What is Qualtrics?

Per Qualtrics: “We build technology that closes experience gaps.”

Basically, it is an online survey/data collection software platform.

Their customer base includes:


Getting CSV Data from Qualtrics

There are basically two paths to getting csv data from Qualtrics: Indirect and Direct.


Research Problem:

How does one reduce potential error and the amount of steps to export CSV files from Qualtrics to R?

Historically, indirectly exporting .csv data from Qualtrics and uploading to R has been more complicated than it needs to be.

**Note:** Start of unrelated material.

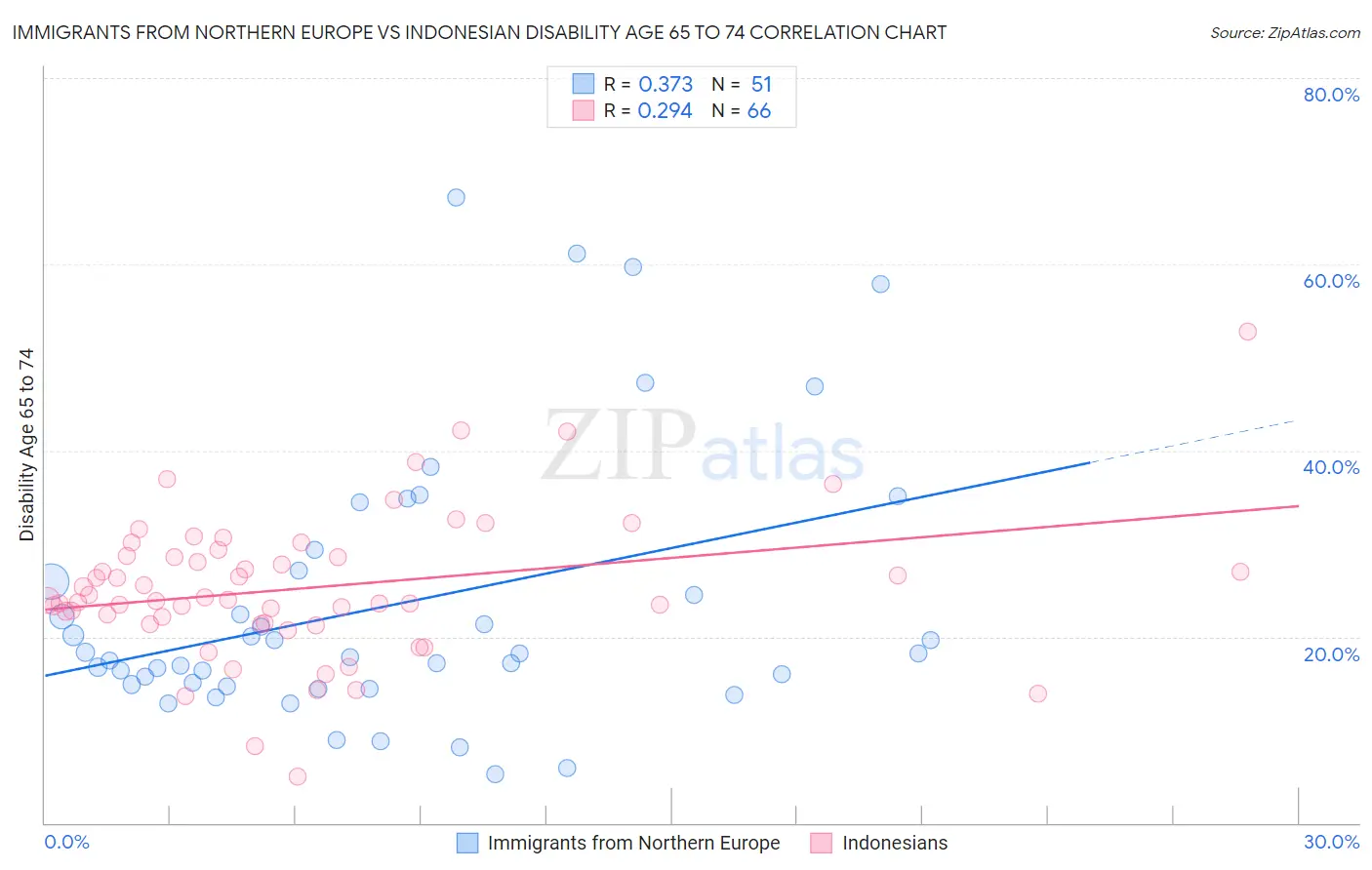 Immigrants from Northern Europe vs Indonesian Disability Age 65 to 74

Problem with Indirect Export

The .csv files includes rows with extraneous information.

By adding a third row (when using Qualtrics’s current standard way of exporting .csv data), Qualtrics’s .csv files cannot be read properly by standard import functions in R (e.g., read.csv()).

R interprets the whole data frame as text/string because the second row includes characters rather than numbers.

These extra rows invites more errors importing data into R.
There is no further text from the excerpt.